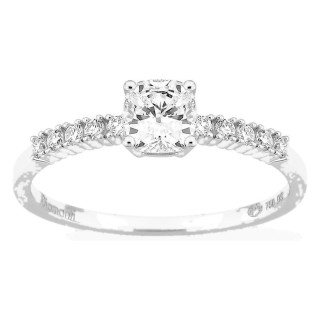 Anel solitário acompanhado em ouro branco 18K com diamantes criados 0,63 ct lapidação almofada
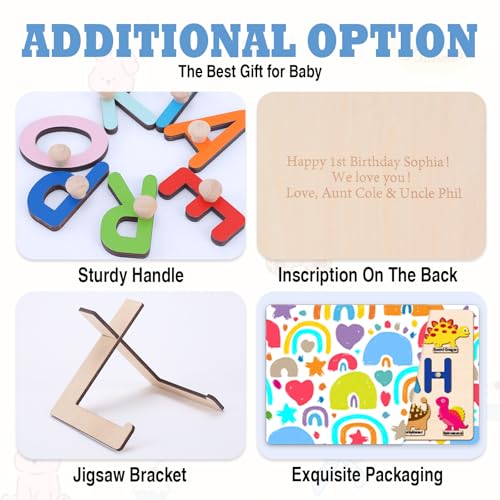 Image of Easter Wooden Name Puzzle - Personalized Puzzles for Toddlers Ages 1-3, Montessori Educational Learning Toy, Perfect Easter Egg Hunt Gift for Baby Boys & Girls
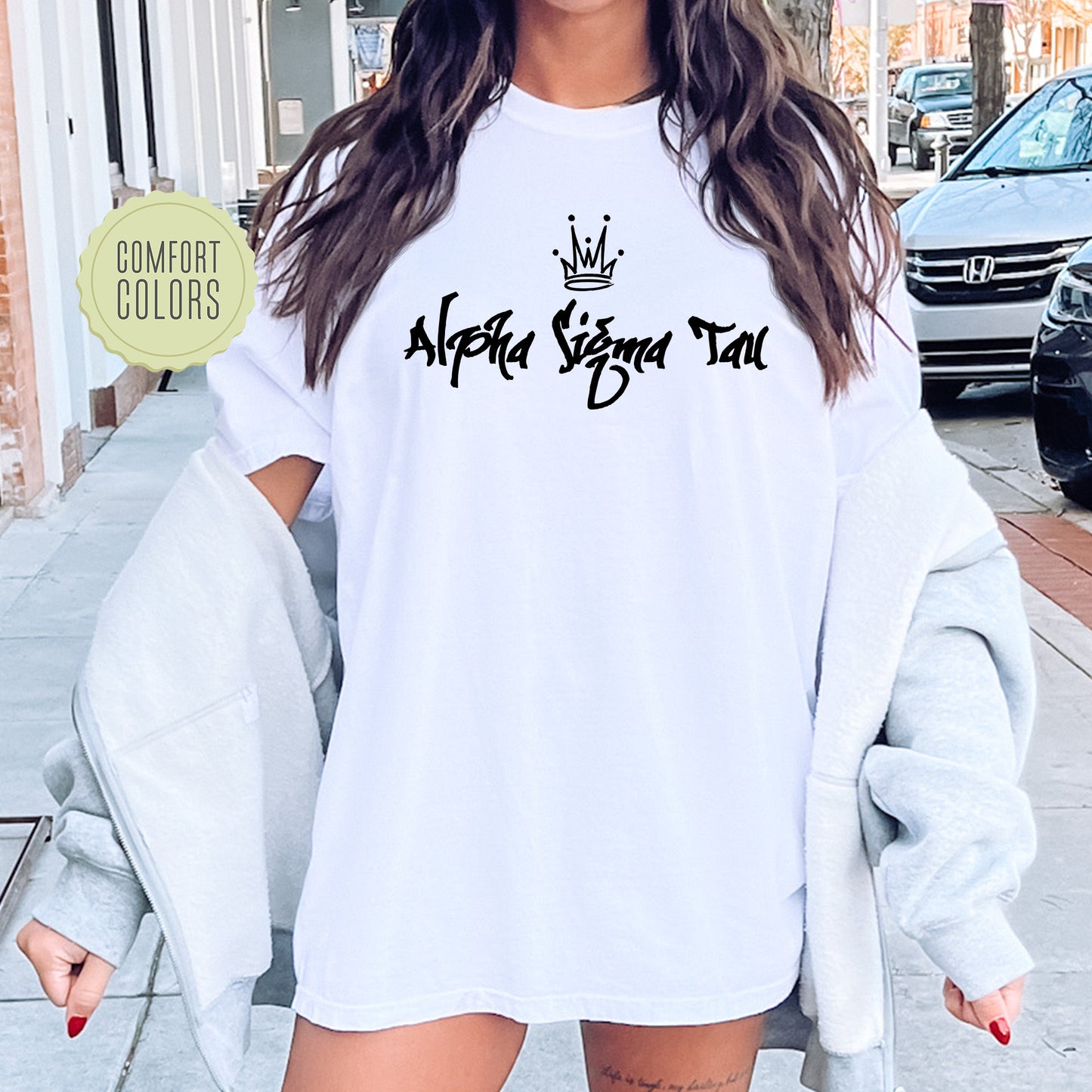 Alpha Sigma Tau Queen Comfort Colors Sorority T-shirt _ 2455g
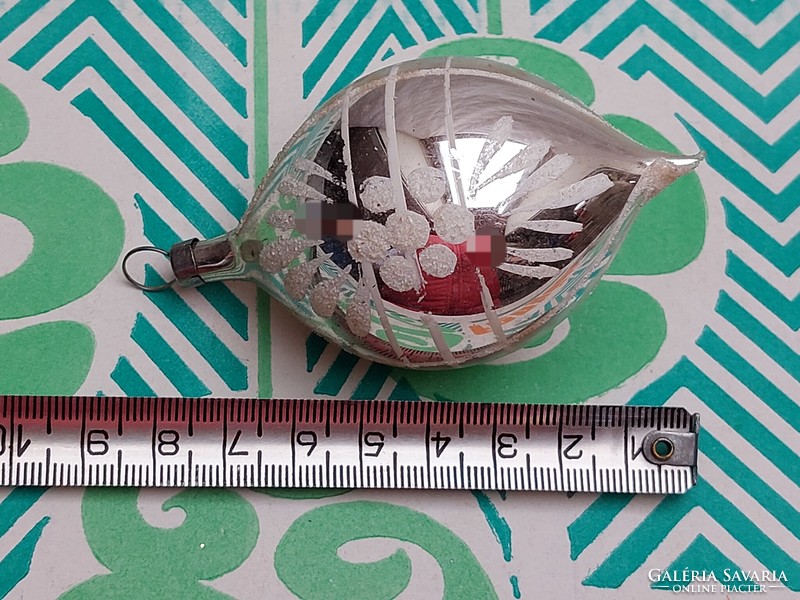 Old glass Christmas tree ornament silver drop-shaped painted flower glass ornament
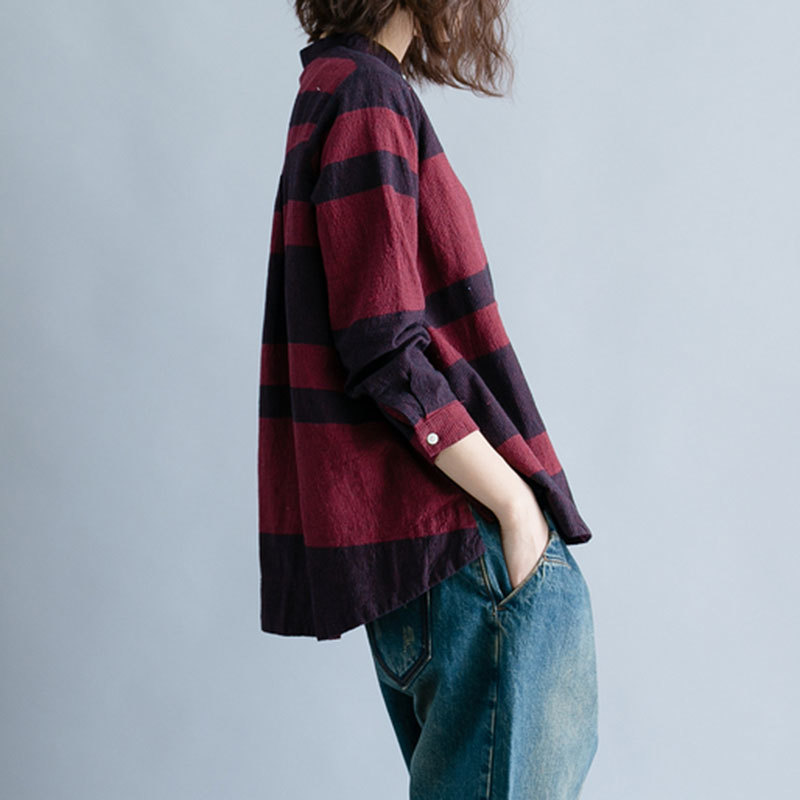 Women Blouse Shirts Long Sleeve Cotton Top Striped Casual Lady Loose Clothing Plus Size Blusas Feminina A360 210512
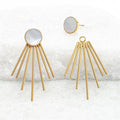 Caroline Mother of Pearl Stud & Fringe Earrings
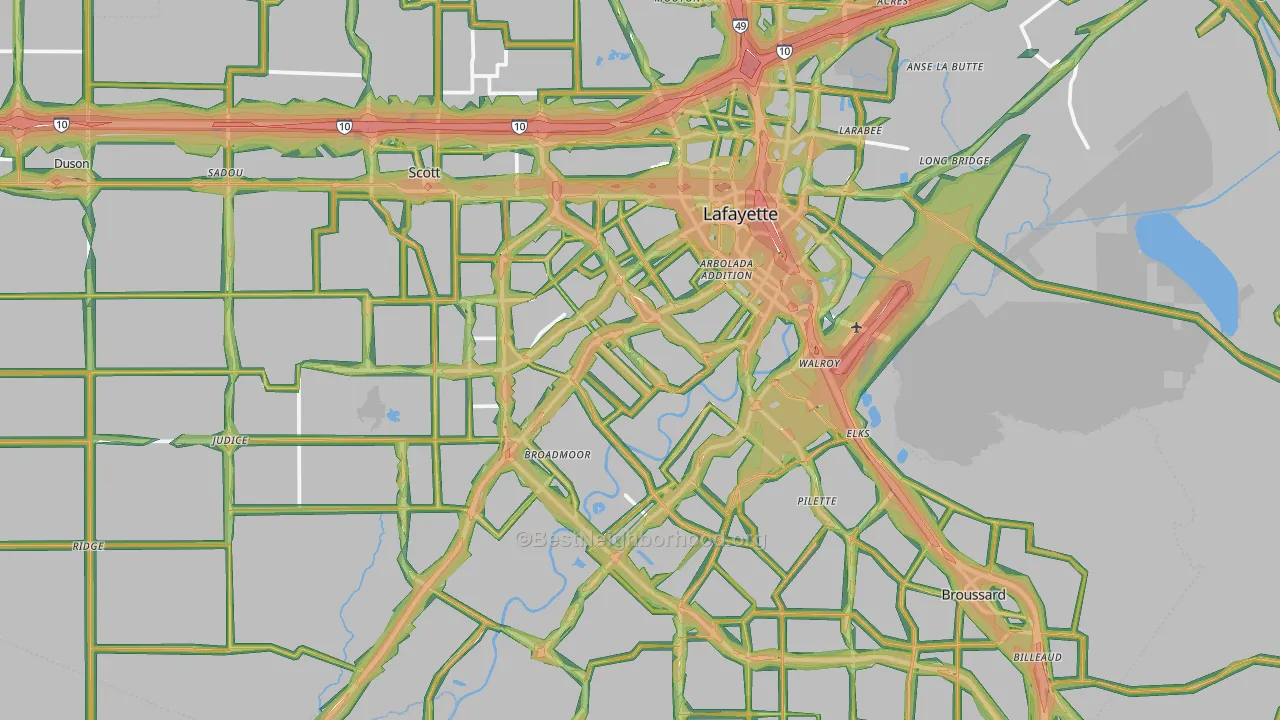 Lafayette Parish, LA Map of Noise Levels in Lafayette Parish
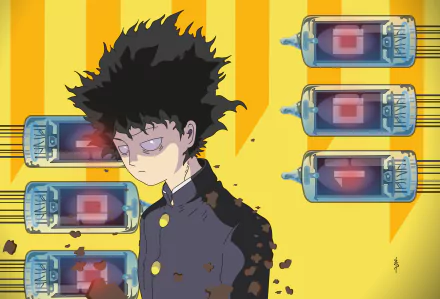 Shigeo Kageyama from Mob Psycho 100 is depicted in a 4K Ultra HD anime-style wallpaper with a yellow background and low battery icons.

···

Every record must be returned exactly. Leave its pictures out.

 Anel solitário acompanhado em ouro branco 18K com diamantes criados 0,63 ct lapidação almofada
 Image of Easter Wooden Name Puzzle - Personalized Puzzles for Toddlers Ages 1-3, Montessori Educational Learning Toy, Perfect Easter Egg Hunt Gift for Baby Boys & Girls
 Alpha Sigma Tau Queen Comfort Colors Sorority T-shirt _ 2455g
 Old glass Christmas tree ornament silver drop-shaped painted flower glass ornament
 Women Blouse Shirts Long Sleeve Cotton Top Striped Casual Lady Loose Clothing Plus Size Blusas Feminina A360 210512
 Caroline Mother of Pearl Stud & Fringe Earrings
 Lafayette Parish, LA Map of Noise Levels in Lafayette Parish
 Shigeo Kageyama from Mob Psycho 100 is depicted in a 4K Ultra HD anime-style wallpaper with a yellow background and low battery icons.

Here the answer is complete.